Copy exactly the lines of the records below, and only those lines, beginning with the line that contains "In addition to" and ending with the line that contains "Advantage Chevrolet Hodgkins".

[Collected data]
=== Begin Enclosure ===
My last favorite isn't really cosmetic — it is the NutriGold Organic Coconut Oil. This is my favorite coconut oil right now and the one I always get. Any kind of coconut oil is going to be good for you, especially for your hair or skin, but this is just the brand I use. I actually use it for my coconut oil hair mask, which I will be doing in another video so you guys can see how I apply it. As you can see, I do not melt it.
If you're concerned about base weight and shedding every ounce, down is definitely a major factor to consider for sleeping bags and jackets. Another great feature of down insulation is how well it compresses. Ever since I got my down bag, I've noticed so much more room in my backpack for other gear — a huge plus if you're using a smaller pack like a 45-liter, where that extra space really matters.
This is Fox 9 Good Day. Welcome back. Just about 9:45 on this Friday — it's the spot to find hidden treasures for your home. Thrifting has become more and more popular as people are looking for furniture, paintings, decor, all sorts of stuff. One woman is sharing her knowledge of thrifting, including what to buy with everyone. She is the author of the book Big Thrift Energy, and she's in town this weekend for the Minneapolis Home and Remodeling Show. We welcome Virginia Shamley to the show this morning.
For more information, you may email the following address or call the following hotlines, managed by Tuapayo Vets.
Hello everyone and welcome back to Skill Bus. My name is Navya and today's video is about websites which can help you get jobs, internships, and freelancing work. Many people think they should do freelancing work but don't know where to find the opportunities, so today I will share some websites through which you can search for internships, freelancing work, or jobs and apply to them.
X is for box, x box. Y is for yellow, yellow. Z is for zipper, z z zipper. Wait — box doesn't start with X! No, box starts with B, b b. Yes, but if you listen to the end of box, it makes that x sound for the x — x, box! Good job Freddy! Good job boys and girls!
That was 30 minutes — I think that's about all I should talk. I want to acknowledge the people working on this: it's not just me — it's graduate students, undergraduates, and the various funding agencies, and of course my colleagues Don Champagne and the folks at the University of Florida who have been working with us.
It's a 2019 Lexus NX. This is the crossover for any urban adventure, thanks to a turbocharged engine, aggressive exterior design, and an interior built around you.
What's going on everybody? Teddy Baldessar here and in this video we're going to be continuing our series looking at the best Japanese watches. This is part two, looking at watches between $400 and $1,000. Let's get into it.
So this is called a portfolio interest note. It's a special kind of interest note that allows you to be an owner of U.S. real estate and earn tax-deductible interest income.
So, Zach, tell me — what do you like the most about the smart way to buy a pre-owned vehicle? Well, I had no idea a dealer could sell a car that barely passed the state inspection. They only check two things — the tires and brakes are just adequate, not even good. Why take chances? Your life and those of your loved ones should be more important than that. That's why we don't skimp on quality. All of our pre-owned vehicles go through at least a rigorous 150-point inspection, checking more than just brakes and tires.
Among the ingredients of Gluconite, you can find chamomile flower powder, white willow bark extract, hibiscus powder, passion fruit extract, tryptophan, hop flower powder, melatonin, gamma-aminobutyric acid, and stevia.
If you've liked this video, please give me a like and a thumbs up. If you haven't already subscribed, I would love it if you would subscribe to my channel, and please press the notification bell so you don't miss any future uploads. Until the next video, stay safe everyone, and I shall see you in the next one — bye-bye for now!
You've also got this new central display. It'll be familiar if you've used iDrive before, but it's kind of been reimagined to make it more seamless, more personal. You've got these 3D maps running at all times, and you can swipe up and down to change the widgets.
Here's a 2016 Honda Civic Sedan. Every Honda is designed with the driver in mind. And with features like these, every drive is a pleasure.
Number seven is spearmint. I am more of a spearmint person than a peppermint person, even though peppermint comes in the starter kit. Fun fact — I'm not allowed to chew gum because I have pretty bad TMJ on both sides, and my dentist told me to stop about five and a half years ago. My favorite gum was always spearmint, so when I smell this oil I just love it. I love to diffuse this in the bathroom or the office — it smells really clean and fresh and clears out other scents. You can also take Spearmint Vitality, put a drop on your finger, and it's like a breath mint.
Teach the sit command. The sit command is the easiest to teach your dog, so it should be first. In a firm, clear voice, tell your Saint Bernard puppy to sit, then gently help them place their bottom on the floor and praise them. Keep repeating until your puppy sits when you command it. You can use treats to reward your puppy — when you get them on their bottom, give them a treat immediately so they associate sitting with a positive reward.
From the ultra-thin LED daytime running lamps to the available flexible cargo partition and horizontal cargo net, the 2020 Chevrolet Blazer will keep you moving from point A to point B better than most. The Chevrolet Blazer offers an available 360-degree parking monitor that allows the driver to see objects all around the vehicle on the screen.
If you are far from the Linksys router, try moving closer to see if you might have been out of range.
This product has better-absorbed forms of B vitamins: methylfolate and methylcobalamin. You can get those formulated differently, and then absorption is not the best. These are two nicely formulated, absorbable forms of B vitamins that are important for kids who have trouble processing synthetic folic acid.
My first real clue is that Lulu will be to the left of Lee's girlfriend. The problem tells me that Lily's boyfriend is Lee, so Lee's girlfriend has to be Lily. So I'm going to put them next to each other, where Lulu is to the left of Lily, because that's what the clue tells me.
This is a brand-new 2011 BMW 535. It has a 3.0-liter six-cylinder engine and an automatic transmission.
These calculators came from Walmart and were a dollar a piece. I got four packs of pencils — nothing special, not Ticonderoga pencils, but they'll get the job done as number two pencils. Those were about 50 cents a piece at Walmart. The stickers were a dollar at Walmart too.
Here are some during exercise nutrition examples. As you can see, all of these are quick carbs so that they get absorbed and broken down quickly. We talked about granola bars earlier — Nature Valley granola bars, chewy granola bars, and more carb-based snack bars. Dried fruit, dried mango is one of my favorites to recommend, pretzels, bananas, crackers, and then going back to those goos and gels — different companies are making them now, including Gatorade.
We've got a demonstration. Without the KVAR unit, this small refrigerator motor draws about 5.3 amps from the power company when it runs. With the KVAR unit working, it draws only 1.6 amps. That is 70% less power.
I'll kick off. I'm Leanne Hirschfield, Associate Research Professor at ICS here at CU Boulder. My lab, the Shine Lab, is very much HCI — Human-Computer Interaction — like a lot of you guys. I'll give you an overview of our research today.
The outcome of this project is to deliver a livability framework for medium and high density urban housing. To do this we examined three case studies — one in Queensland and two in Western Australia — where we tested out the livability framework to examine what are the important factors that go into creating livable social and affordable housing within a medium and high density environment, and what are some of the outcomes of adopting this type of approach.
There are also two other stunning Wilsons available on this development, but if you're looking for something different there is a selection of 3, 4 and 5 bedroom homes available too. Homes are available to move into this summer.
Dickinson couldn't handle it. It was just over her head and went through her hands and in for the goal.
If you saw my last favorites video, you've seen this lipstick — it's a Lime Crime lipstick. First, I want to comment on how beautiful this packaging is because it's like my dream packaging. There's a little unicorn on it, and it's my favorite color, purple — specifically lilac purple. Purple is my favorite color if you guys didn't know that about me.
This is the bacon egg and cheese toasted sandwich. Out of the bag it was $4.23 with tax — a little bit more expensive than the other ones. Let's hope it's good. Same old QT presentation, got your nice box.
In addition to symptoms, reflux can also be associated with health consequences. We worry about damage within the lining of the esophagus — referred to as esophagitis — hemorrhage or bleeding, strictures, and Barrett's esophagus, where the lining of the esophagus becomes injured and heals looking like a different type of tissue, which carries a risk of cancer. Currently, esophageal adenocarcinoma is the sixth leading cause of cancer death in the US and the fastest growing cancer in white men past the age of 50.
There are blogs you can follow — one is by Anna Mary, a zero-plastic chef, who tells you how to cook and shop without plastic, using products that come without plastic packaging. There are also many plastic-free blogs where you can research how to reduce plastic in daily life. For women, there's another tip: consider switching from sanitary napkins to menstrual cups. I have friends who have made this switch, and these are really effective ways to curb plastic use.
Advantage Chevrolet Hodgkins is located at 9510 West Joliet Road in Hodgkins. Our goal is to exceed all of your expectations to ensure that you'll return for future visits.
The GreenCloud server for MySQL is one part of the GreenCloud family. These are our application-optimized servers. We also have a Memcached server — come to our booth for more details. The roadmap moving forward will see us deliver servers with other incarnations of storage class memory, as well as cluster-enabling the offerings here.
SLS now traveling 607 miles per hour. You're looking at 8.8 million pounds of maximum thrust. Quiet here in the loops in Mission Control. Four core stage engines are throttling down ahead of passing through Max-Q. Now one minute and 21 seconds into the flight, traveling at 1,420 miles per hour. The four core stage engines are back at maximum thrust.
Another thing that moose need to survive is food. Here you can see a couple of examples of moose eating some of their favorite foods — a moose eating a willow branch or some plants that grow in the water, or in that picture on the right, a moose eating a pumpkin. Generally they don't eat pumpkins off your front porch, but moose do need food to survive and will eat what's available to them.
=== End Enclosure ===
Solution to the exercise.
In addition to symptoms, reflux can also be associated with health consequences. We worry about damage within the lining of the esophagus — referred to as esophagitis — hemorrhage or bleeding, strictures, and Barrett's esophagus, where the lining of the esophagus becomes injured and heals looking like a different type of tissue, which carries a risk of cancer. Currently, esophageal adenocarcinoma is the sixth leading cause of cancer death in the US and the fastest growing cancer in white men past the age of 50.
There are blogs you can follow — one is by Anna Mary, a zero-plastic chef, who tells you how to cook and shop without plastic, using products that come without plastic packaging. There are also many plastic-free blogs where you can research how to reduce plastic in daily life. For women, there's another tip: consider switching from sanitary napkins to menstrual cups. I have friends who have made this switch, and these are really effective ways to curb plastic use.
Advantage Chevrolet Hodgkins is located at 9510 West Joliet Road in Hodgkins. Our goal is to exceed all of your expectations to ensure that you'll return for future visits.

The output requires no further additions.